A cover from the French satirical newspaper Charlie Hebdo

A cover from the French satirical newspaper Charlie Hebdo

This morning, masked gunmen attacked the Paris headquarters of French humor publication Charlie Hebdo and killed 12 people, including the editor and four cartoonists who had depicted the prophet Muhammed. Although no one has yet claimed responsibility, the Times reports that “extremist groups applauded the violence, calling it revenge for the newspaper’s satirical treatment of Islam and its prophet.” At the risk of profiling, I’m going to say this was a radical Islam thing, because who else violently attacks funny newspapers? Western traditions have more respect for free speech. In unrelated news, the UK has arrested a series of people for praising jihad on Twitter and Facebook.
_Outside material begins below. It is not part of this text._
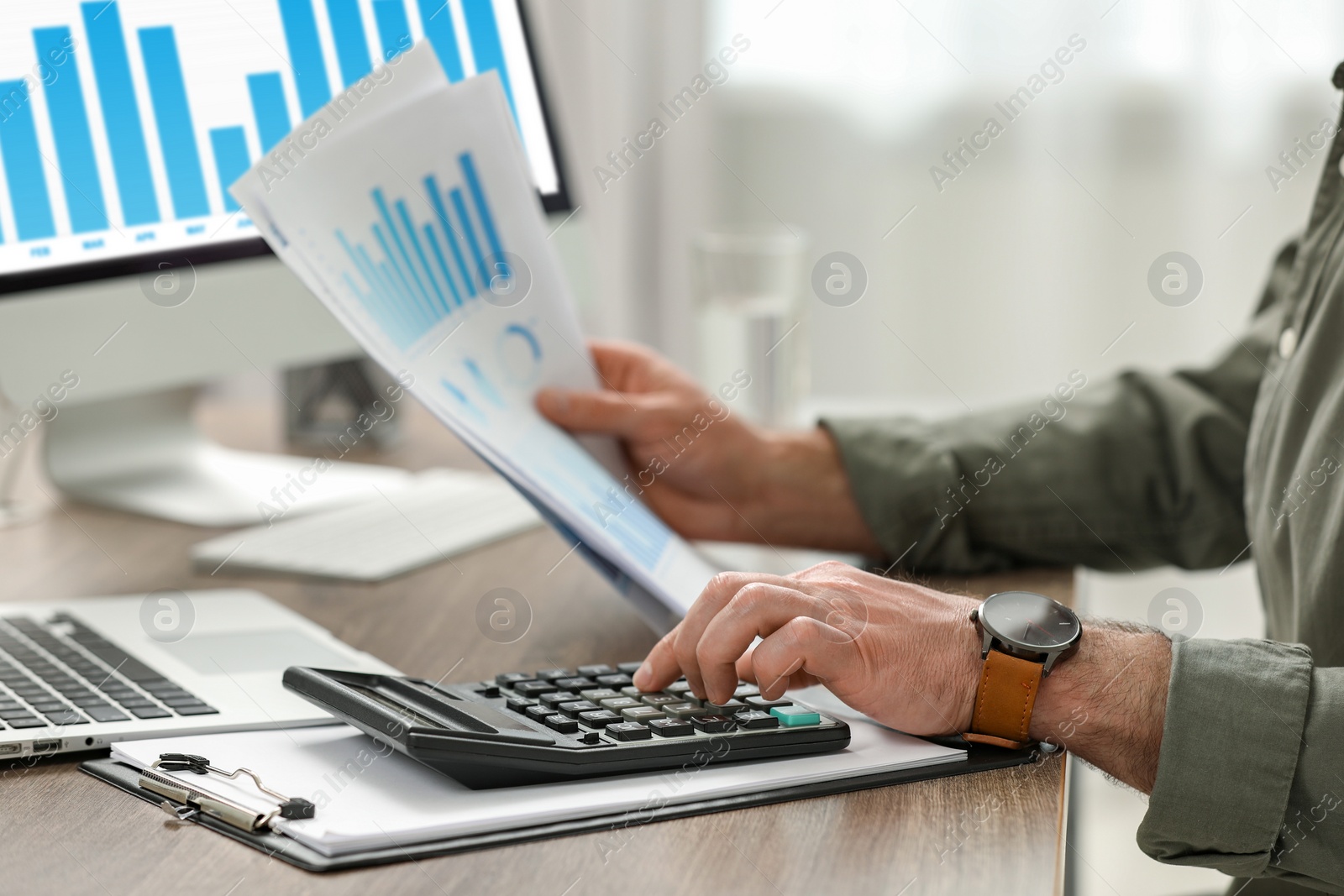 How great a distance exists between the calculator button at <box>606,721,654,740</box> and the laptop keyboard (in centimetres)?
19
Here’s a question that can only be answered through beheading: If God is so great, how can cartoons diminish him? We all agree that Islam is the only true religion and Muhammed the most important of its prophets. If these ideas are self-evident, as everyone knows they are, then how could other ideas possibly threaten them? It seems odd that is should be necessary to resort to forces outside the marketplace of ideas, e.g. Kalashnikovs, to refute the French version of Mad magazine.

It’s almost as if Islamic terrorists are killing people to protect not Islam but their own political advantage. Jihad and Muslim fundamentalism might just be bankrupt ideologies. I seem to remember French existentialism catching on without bombing shopping centers or threatening to assassinate everyone who made fun of it. The same cannot always be said for liberal democracy, but at least Western consumer culture has succeeded by seduction rather than direct coercion.

Which brings us to Azhar Ahmed, the British teenager who posted this message on Facebook two days after six British soldiers were killed in Afghanistan:


What a dick. There’s a lot of dross in this message, but there is also a valid point. Prime Minister David Cameron called the deaths of these six soldiers “a desperately sad day for our country,” which suggests asymmetrical sympathy for the thousands of Afghan civilians killed in our ten-year quest to unseat the Taliban. Ahmed expresses his idea poorly, but the notion that we should consider the innocent people killed in war while we piously mourn our soldiers is legitimate and valuable.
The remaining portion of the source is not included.